■ Work to complete:
Using the listing below, please gather every line containing the word "Midi".

■ Records supplied:
*** Block opens ***

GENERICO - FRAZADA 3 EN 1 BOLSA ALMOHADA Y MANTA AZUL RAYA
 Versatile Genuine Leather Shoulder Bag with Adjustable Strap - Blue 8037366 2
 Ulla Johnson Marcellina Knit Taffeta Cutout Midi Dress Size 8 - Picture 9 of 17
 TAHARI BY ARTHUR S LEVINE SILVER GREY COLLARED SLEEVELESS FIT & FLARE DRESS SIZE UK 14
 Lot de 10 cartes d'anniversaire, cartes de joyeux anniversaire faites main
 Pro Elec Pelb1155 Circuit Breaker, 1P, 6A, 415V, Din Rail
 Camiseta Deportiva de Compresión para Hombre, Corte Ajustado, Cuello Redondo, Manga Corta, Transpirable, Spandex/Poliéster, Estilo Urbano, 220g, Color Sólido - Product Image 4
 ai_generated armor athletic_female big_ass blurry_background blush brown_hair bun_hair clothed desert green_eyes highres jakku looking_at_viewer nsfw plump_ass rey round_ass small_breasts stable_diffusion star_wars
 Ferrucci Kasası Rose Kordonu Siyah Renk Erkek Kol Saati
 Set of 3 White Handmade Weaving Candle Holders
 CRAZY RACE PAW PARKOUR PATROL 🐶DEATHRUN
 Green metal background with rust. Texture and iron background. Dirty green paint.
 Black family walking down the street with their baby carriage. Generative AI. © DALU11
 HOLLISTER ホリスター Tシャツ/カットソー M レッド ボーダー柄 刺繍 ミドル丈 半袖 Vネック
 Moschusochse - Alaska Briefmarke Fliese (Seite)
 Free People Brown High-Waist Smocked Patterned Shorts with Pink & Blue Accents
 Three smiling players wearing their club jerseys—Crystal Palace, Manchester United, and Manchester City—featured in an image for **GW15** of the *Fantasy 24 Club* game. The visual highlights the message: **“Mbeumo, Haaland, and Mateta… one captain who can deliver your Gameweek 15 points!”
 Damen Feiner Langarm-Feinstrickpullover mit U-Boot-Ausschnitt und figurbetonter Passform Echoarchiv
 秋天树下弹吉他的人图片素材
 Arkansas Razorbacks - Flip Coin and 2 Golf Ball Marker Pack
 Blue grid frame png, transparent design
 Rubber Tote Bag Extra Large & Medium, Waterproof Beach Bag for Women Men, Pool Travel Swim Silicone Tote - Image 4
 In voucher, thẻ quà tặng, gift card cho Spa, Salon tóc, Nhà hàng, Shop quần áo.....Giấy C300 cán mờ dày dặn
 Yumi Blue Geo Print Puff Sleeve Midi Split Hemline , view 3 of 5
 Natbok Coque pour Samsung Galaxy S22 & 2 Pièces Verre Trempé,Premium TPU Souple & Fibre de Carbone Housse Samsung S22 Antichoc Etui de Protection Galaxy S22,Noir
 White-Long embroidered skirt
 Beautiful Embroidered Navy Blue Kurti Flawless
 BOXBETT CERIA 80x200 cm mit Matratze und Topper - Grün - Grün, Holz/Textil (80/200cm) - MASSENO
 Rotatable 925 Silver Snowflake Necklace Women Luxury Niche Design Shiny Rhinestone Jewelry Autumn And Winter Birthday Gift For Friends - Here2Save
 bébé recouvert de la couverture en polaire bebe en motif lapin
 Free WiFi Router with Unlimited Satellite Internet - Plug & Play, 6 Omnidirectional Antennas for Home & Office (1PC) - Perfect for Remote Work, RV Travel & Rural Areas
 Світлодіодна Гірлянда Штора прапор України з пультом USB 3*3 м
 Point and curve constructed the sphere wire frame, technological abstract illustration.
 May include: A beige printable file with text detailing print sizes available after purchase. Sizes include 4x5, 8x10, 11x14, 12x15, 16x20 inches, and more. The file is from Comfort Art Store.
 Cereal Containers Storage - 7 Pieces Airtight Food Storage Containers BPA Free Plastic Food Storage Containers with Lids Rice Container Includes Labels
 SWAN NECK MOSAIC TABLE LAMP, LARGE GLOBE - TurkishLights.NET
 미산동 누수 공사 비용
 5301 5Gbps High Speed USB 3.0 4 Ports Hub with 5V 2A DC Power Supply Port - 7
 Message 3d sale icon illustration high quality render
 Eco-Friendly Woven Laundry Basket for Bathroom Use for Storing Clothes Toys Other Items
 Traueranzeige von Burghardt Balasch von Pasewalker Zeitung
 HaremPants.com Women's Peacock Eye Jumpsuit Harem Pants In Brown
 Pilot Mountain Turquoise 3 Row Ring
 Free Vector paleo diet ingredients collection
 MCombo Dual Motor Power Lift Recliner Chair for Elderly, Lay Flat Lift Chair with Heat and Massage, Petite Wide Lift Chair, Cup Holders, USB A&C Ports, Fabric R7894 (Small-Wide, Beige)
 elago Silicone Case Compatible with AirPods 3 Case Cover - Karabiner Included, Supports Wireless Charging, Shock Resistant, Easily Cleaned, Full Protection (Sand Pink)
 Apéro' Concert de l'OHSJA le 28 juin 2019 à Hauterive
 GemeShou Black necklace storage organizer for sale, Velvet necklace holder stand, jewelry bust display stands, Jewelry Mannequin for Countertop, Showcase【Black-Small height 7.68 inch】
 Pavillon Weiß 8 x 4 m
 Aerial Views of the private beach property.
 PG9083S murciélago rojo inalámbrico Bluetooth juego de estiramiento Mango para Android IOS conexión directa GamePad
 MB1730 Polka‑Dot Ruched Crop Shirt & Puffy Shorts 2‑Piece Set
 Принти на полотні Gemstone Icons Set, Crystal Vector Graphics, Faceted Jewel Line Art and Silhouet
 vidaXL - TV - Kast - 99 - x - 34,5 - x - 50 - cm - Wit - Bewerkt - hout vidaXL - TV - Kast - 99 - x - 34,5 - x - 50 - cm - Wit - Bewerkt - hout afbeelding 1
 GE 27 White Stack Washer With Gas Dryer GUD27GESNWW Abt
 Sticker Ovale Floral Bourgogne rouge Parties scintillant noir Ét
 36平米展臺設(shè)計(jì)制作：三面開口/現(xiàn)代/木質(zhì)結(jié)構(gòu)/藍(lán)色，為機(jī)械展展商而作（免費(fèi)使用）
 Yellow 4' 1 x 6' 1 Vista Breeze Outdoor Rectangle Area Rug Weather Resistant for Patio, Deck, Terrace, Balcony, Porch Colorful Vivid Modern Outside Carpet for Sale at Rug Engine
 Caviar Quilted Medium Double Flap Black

*** Block closes ***

■ Finished task:
 Ulla Johnson Marcellina Knit Taffeta Cutout Midi Dress Size 8 - Picture 9 of 17
 Yumi Blue Geo Print Puff Sleeve Midi Split Hemline , view 3 of 5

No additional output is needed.